If for some reason you need the field user to be presented in related_models field. You can change serialize_rules to ('-related_models.user.related_models',) To break the chain of serialisation a bit further.

Controversial rules

If you add controversial rules like serialize_rules = ('-prop', 'prop.id') The serializer will exclude the whole prop. You need to revert these rules or use serialize_only option. You can also combine serialize_only and serialize_only.
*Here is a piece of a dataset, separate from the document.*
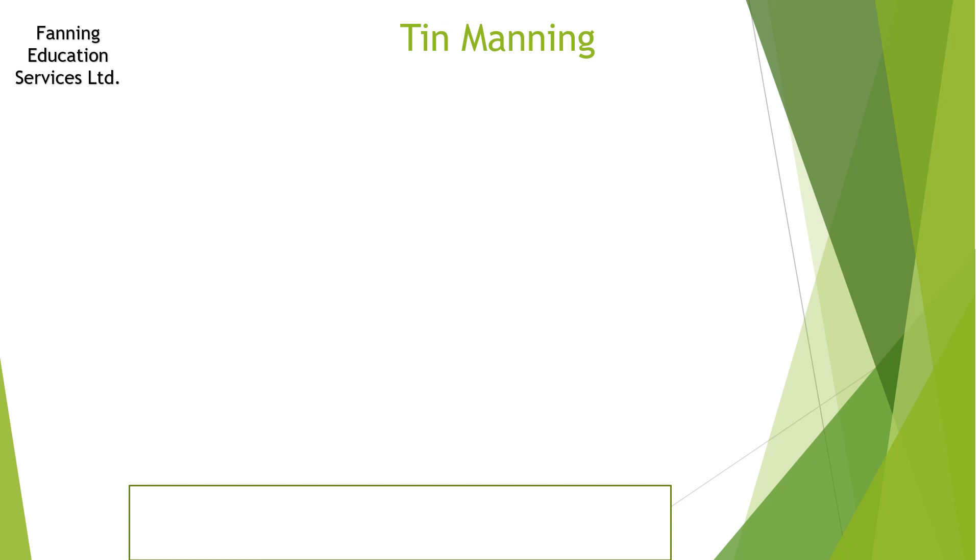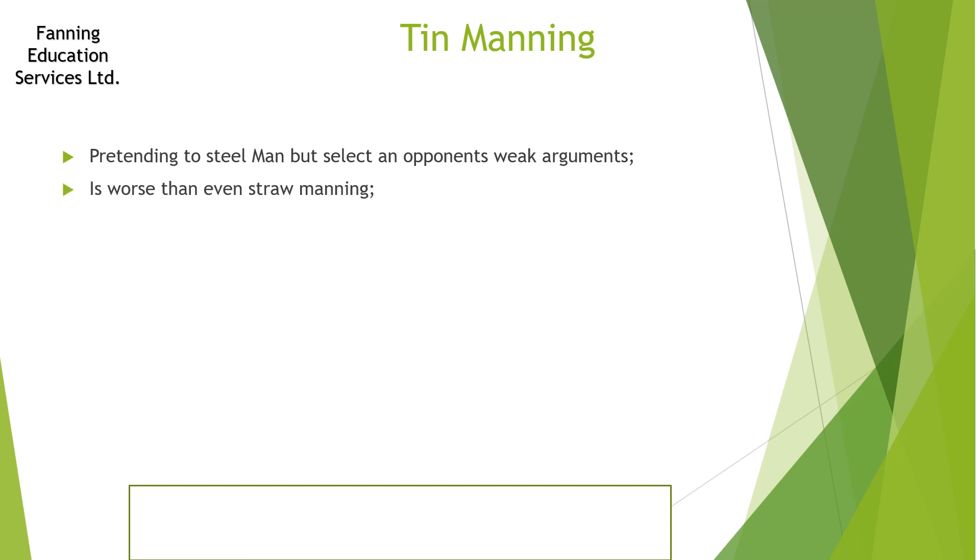The worst thing you can do in this situation is what we call tin manning. Tin manning is where you do the exact opposite. It's actually worse, in my opinion, than straw manning, because in straw manning you know what you're doing — you're openly setting out to attack your opponent's argument, and although it's wrong and won't allow you to build up a strong rhetorical argument, at least you know in yourself what you're doing. Tin manning is where you pretend you've addressed your opponent's strongest arguments, but actually you've only addressed quite weak arguments they've put forward. It's rhetorically weak and very dishonest, so make sure you're actually selecting strong arguments from your opponents.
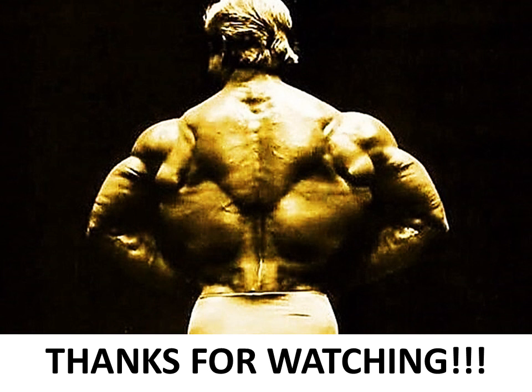Subscribe if you haven't for more content like this from the Golden Era Bookworm. Leave me your comments - what do you think of Tom Platts's back and his training routine? Thanks for watching, and bye for now.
Negative rules in ONLY section

If you pass rules in serialize_only the serializer becomes NOT greedy and returns ONLY fields listed there. So serialize_only = ('-model.id',) will return nothing But serialize_only = ('model', '-model.id',) will return model field without id

One element tuples

Do not forget to add comma at the end of one element tuples, it is trivial, but a lot of developers forget about it:

serialize_only = ('some_field',)  # <--- Thats right!
serialize_only = ('some_field')  # <--- WRONG it is actually not a tuple

Tests

To run tests and see tests coverage report just type the following command:(doker and doker-compose should be installed on you local machine)

make test

To run a particular test use

make test file=tests/some_file.py
make test file=tests/some_file.py::test_func

I will appreciate any help in improving this library, so feel free to submit issues or pull requests.